Filmkritik: Das Bildnis des Dorian Gray

Oscar Wildes einziger Roman Das Bildnis des Dorian Gray wurde schon mehrfach verfilmt. In der aktuellen Version mit Ben Barnes (Die Chroniken von Narnia: Prinz Kaspian) und Colin Firth (frisch Oscar-nominiert für A Single Man) – die im Übrigen die bislang einzige ist, die ich kenne, bleibt Drehbuchautor Toby Finlay sehr nah an der Vorlage und schafft somit eine wunderbar düstere Atmosphäre vom London im späten 19ten Jahrhundert. Schon die ersten Bilder sind von tristen, blauen und grauen Farbtönen geprägt, die Musik ist schwer und die Aufnahmen dunkel. Das bleibt fast den gesamten Film über so, auch wenn es farbliche Veränderungen gibt – vor allem dann, wenn der scheinbar immer junge Dorian ein Fest der Sinne feiert.


Generell muss man sagen, dass diese britische Wilde-Verfilmung nicht nur sehr düster geraten ist, sondern auch sehr freizügig.

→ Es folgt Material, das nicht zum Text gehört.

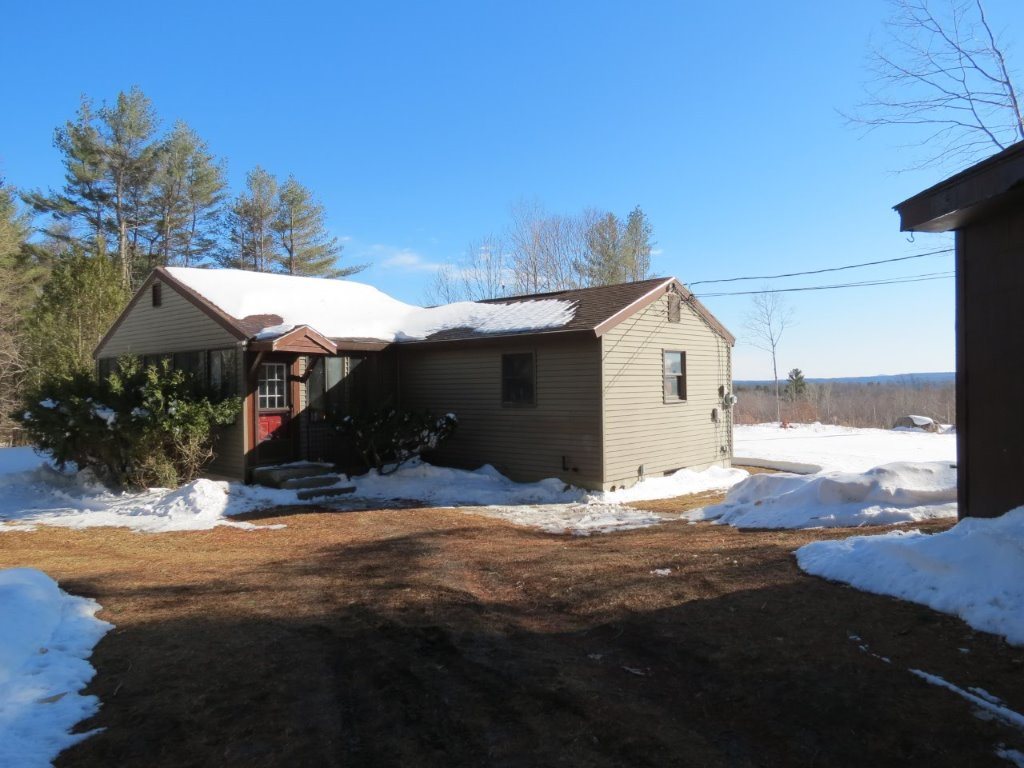 47 Bowman Road Alton, NH 03809 - Photo 1 of 13 Gallery Image 1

Man könnte sagen, es ist eine typisch britische, bzw. europäische Produktion, die so in Hollywood niemals entstanden wäre. Und genau das macht den Film wiederum so interessant. Regisseur Oliver Parker schafft es, die Zeit perfekt einzufangen, optisch wie auch akustisch. Die Kostüme sind prall, das Make-up hervorstechend, die Kulissen originalgetreu und die Computeranimationen halten sich im Rahmen und fallen – bis auf das große Finale – im Grund nicht mal auf. Um gleich auf das Ende des Film zu sprechen zu kommen, ohne aber natürlich den Schluss zu verraten: Hier unterscheidet sich Das Bildnis des Dorian Gray mit Sicherheit stark von den bisherigen Verfilmungen, da bin ich mir ganz sicher. Überraschend morbide und noch viel spannender und düsterer als sowieso schon die gesamte Laufzeit über spitzt sich die Handlung immer weiter zu und explodiert letztendlich gewissermaßen.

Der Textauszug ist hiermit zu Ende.